- [Task directions]
Your answer must be an exact repeat of the lines from the one containing "this 600×400 image." through the last line of the records, both included, with no pictures.
━━━━━━━━━━━━━━━━━━━━
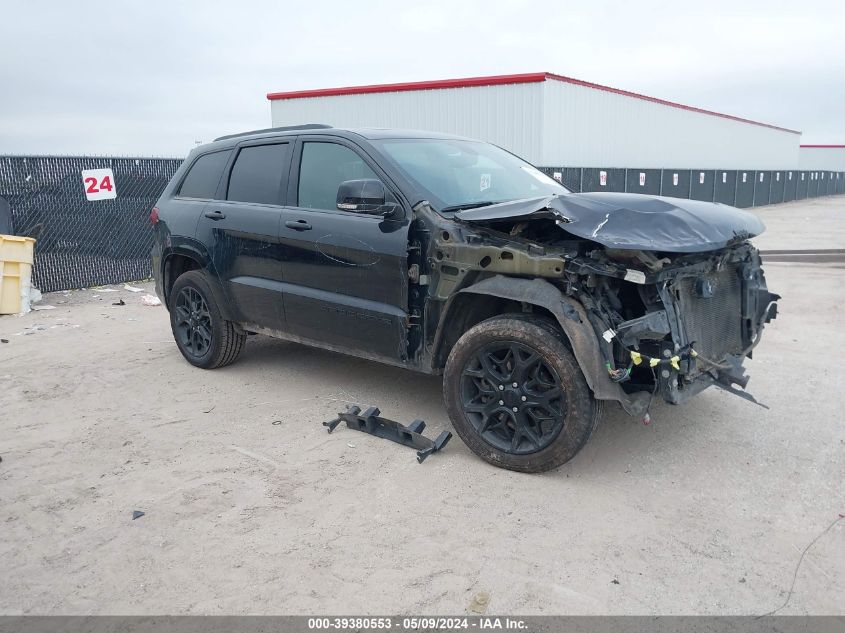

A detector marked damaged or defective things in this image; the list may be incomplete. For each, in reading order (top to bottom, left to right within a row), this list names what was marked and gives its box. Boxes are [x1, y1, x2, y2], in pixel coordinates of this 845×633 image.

crumpled hood [458, 191, 768, 253]
torn metal panel [458, 191, 768, 253]
damaged black suv [153, 123, 780, 472]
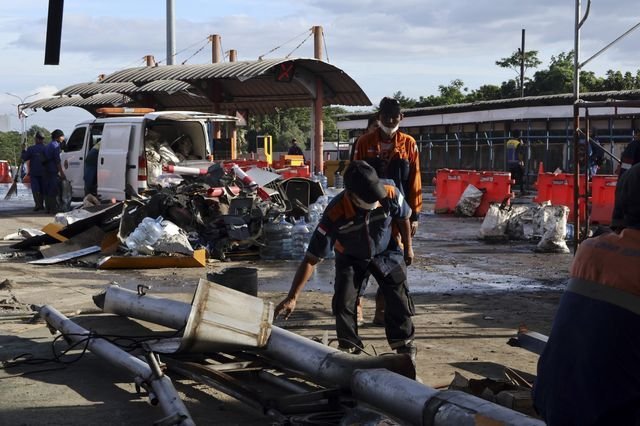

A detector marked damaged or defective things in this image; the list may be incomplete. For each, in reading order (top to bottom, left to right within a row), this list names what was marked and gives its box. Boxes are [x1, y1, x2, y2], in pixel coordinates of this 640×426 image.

bent steel beam [39, 302, 195, 426]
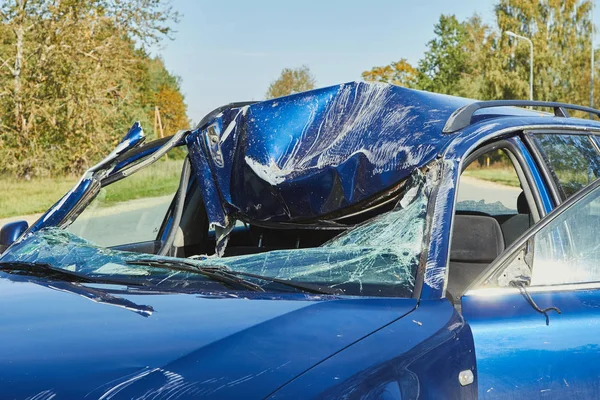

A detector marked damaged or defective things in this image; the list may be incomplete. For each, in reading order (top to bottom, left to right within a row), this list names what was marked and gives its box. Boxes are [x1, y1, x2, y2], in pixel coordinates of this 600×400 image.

crumpled metal panel [188, 81, 468, 225]
crushed car roof [188, 81, 474, 227]
shattered windshield [1, 172, 432, 296]
damaged blue car [1, 81, 600, 396]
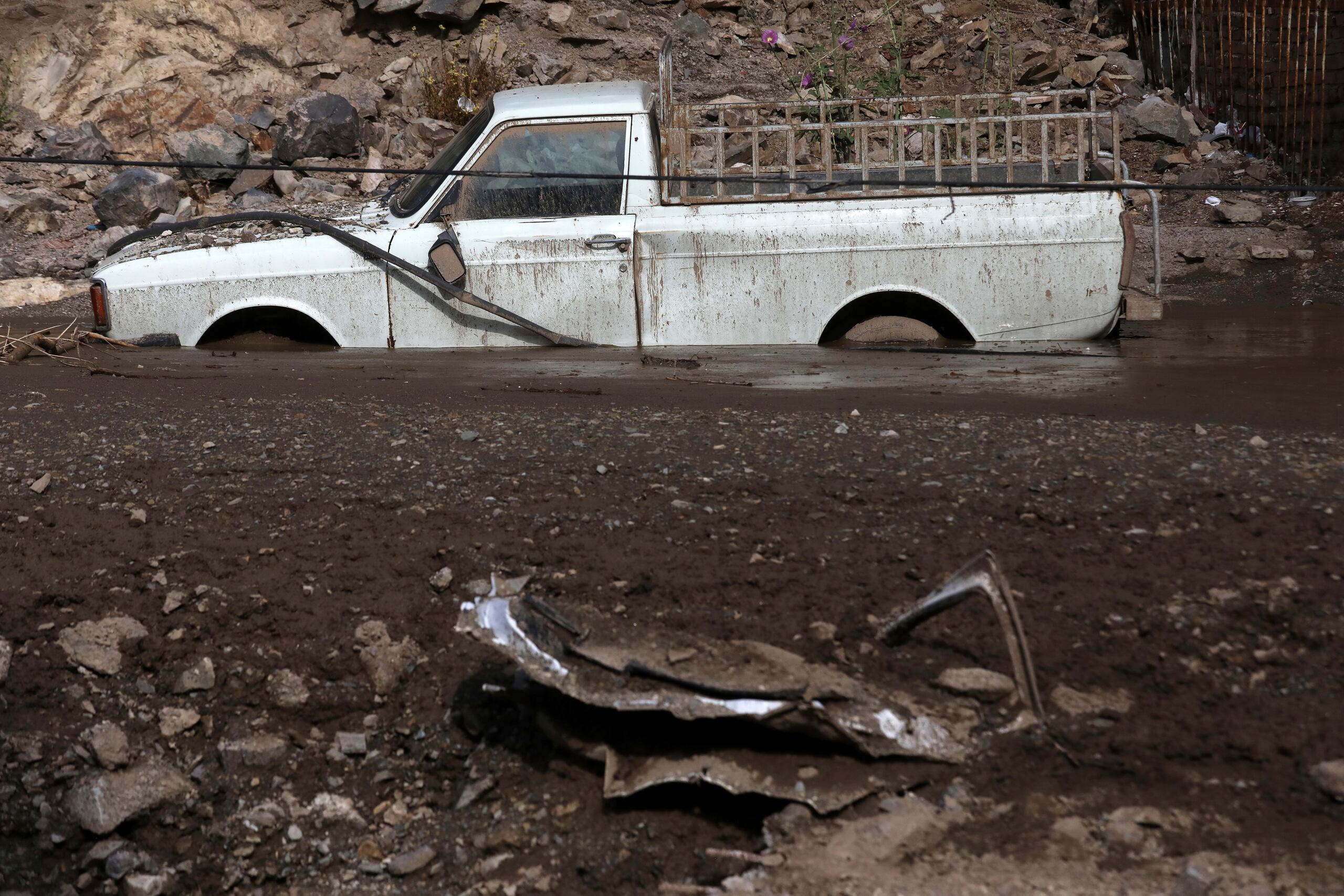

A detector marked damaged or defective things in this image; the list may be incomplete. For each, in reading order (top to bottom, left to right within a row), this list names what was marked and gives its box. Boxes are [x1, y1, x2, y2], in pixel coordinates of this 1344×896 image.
━━━━━━━━━━━━━━━━━━━━
- [Solution for this exercise]
A detector marked damaged or defective things in this image; the list may be incomplete. For each, in reading order (top to bottom, left to right within a row), this list names what was marked and gives its box. Boxes are [x1, y1, x2, y2], in pixel coordinates of this 600×400 image.

crumpled metal panel [188, 81, 468, 225]
crushed car roof [188, 81, 474, 227]
shattered windshield [1, 172, 432, 296]
damaged blue car [1, 81, 600, 396]

A detector marked damaged or defective things in this image; the list may be incomplete. For each, in reading order (top to bottom, left to right within a row), this list names what was marked and gives its box. Boxes are [x1, y1, x2, y2], in pixel coordinates of this 1344×896 image.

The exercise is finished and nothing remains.